--- The input Enclosed Below ---

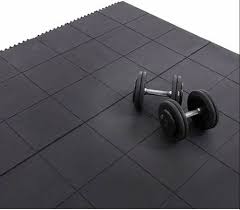 rubber black gym floor tiles thickness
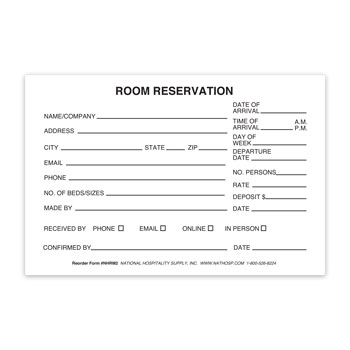 Room Reservation Form 4" x 6" 500/pk.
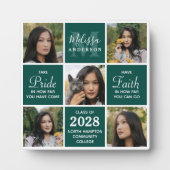 Afstuderen 5 Foto Collage Emerald Green Afstuderen Fotoplaat (Voorkant)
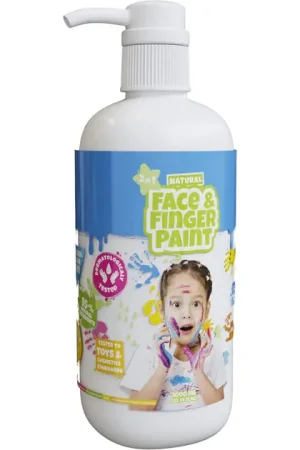 Natural Face & Fingerpaint Fles met Pompje - Wit, 1L Hoge Kwaliteit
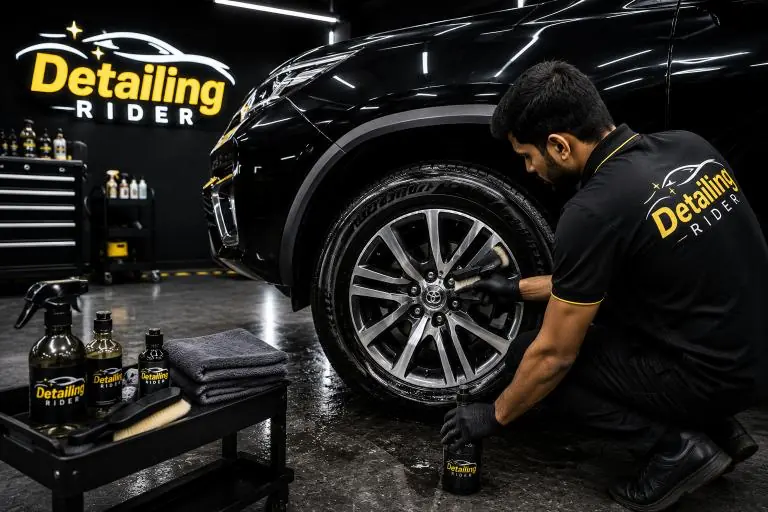 Wheel and tyre being cleaned on a black SUV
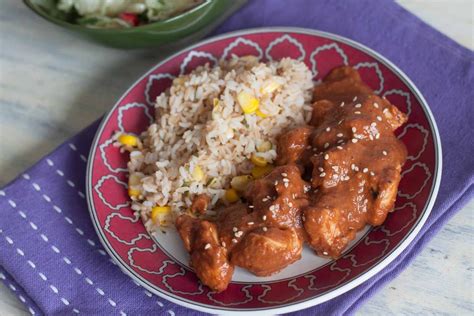 chicken-mole-with-brown-rice-recipe-by-archanas image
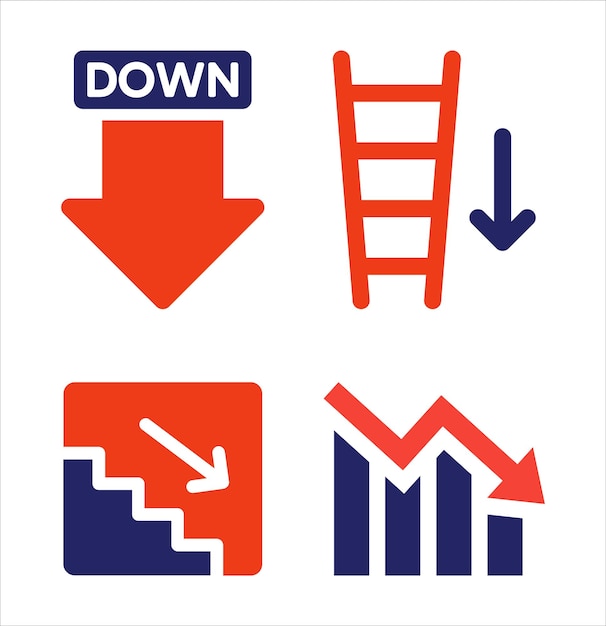 symbols representing the concept of decline decrease or going down in different contexts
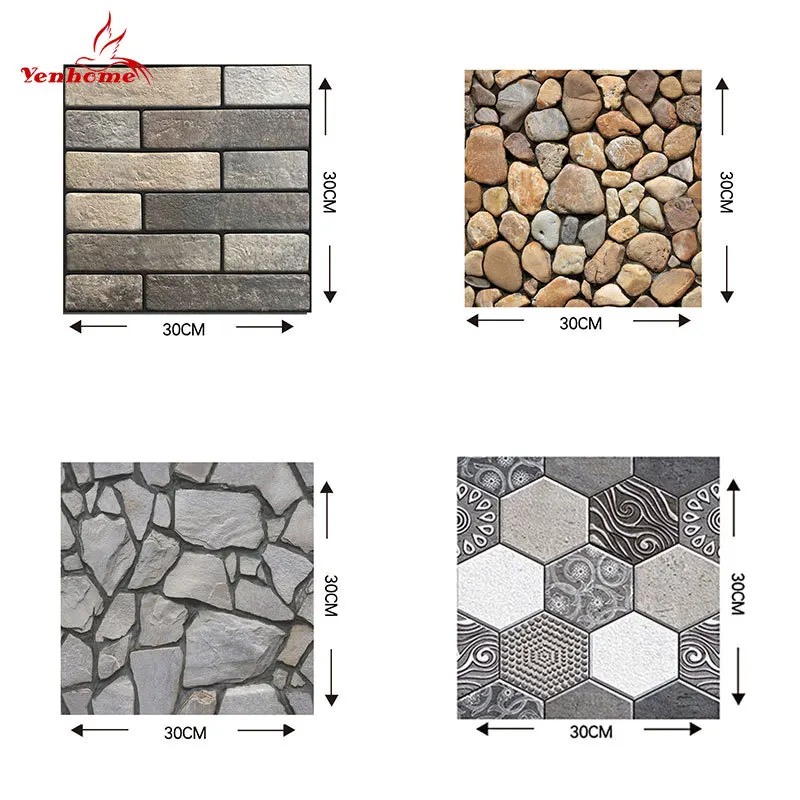 

3D Foam Tiles Patches Home Decoration Bedroom Bathroom Renovation Cobblestone Wall Stickers Modern Square Panels Peel and Stick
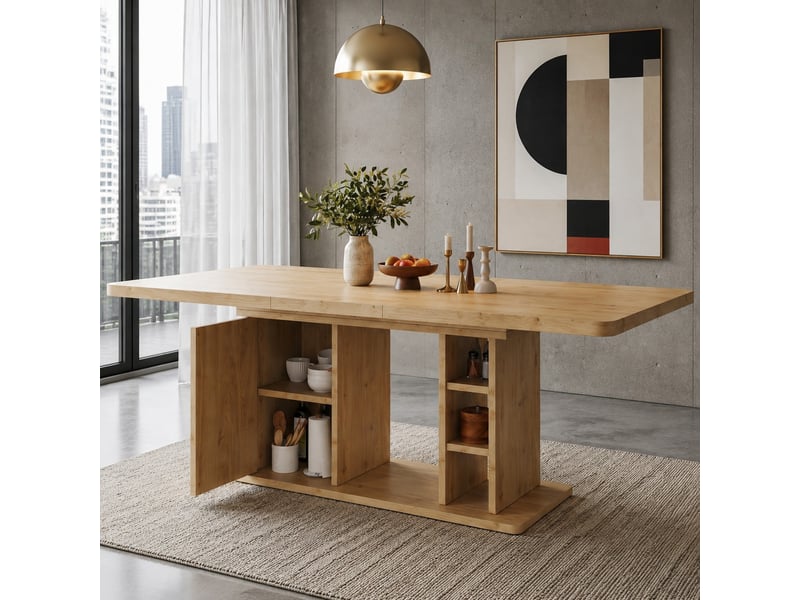 Table à manger extensible 6 à 8 personnes avec rangement, style scandinave, mdf chêne, 140 à 180 × 80 cm - Conforama D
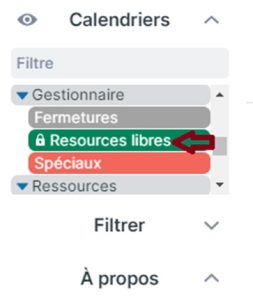 Sous-calendrier Teamup des ressources libres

--- End of Enclosed The input ---

### Goal of the exercise:
Give back, exactly as written, the lines from the top of the material through the line with "Wheel and tyre being cleaned on a black SUV", ends included and pictures left aside.

### Solution:
 rubber black gym floor tiles thickness
 Room Reservation Form 4" x 6" 500/pk.
 Afstuderen 5 Foto Collage Emerald Green Afstuderen Fotoplaat (Voorkant)
 Natural Face & Fingerpaint Fles met Pompje - Wit, 1L Hoge Kwaliteit
 Wheel and tyre being cleaned on a black SUV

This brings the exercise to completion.